With respect to the City of Phoenix’s claim, the Supreme Court held it was irrelevant that Garretson had reasonable alternative means of access to Jefferson Street. “Other means of access may mitigate damages, but does not constitute a defense to the action. . . . The availability of other means of access . . . is relevant only to the measure of damages.” Thus, the Supreme Court remanded the case to the trial court to determine the decrease in fair market value to Garretson’s property based on the elimination of access to Jefferson Street.
Furthermore, the Court clarified that it was irrelevant in a case like this whether Garretson’s access had been substantially impaired or whether his remaining access to Jefferson Street was unreasonably circuitous. Because the City had completely eliminated Garretson’s direct access to an abutting street—even though a 5 or 10 second drive on 1st Street would put any parking lot visitor very quickly back onto Jefferson Street—Garretson was still entitled to judgment as a matter of law.

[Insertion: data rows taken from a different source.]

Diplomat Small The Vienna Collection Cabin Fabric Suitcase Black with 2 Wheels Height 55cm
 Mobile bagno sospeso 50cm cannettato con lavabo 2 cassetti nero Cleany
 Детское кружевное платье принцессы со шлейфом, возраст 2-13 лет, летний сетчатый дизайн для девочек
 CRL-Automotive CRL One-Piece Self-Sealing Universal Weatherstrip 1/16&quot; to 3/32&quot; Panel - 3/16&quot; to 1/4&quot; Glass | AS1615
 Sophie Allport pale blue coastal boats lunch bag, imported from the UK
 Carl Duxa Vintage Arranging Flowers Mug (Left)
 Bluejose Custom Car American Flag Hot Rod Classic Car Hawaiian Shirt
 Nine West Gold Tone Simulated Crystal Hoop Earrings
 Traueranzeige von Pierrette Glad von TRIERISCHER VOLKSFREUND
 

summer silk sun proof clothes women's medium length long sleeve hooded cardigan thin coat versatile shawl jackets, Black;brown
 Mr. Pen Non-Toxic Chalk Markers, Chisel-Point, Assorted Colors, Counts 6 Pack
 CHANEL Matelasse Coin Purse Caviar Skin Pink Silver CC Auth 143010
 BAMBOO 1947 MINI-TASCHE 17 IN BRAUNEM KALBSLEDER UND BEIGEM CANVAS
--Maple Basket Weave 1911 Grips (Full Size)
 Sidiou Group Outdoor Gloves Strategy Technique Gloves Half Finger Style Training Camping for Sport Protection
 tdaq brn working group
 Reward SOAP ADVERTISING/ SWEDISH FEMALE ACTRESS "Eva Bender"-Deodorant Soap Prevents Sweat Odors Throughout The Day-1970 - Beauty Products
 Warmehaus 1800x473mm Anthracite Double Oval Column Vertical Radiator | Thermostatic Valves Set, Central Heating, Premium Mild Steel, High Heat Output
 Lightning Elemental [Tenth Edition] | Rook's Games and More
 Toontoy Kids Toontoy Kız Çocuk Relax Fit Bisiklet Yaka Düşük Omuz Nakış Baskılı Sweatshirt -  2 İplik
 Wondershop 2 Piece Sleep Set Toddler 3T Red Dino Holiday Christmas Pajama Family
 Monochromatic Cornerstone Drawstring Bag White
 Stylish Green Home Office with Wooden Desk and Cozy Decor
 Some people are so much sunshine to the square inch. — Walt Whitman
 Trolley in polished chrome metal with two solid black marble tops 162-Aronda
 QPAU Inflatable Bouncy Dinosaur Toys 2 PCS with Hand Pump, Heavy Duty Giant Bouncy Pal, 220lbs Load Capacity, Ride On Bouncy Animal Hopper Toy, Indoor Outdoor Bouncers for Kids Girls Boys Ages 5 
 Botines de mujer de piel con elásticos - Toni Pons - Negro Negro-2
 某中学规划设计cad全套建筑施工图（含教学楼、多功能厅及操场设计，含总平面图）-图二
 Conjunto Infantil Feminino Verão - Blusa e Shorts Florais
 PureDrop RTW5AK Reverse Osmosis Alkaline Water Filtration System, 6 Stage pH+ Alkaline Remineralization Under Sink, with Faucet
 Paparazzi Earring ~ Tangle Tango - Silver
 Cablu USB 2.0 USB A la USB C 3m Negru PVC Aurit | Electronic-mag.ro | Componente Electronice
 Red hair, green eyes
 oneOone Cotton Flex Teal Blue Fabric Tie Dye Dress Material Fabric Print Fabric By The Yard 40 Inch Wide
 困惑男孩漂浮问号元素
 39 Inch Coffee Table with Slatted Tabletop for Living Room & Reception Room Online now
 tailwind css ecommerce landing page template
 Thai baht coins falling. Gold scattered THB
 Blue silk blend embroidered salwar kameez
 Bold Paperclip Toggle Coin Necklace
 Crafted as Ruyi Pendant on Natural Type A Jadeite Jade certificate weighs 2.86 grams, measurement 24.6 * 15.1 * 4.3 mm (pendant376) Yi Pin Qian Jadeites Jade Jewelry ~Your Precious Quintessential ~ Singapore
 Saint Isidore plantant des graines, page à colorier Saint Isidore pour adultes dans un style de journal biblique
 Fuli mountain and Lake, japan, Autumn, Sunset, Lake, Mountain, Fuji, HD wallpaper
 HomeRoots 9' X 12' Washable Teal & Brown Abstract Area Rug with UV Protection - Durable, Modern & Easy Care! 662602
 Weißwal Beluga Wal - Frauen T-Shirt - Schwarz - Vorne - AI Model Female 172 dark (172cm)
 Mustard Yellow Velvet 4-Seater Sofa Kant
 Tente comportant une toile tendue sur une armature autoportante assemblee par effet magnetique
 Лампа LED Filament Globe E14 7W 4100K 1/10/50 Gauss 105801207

In sum, it will now be incumbent upon the trial court to determine how much Garretson should be compensated, if at all. He would certainly have a stronger case if First Street ran only one way to the south, which would require a parking lot visitor to drive clockwise around the entire property in order to access Jefferson Street. But since First Street, not to mention Madison Street, run in both directions, thereby providing any visitor with relatively easy access to Jefferson Street, the next stage of litigation will most likely come down to a battle of the experts. Thus, the City of Phoenix may have lost the battle, but it might just ultimately win the war considering the fact Garretson is by no means a landlocked property owner.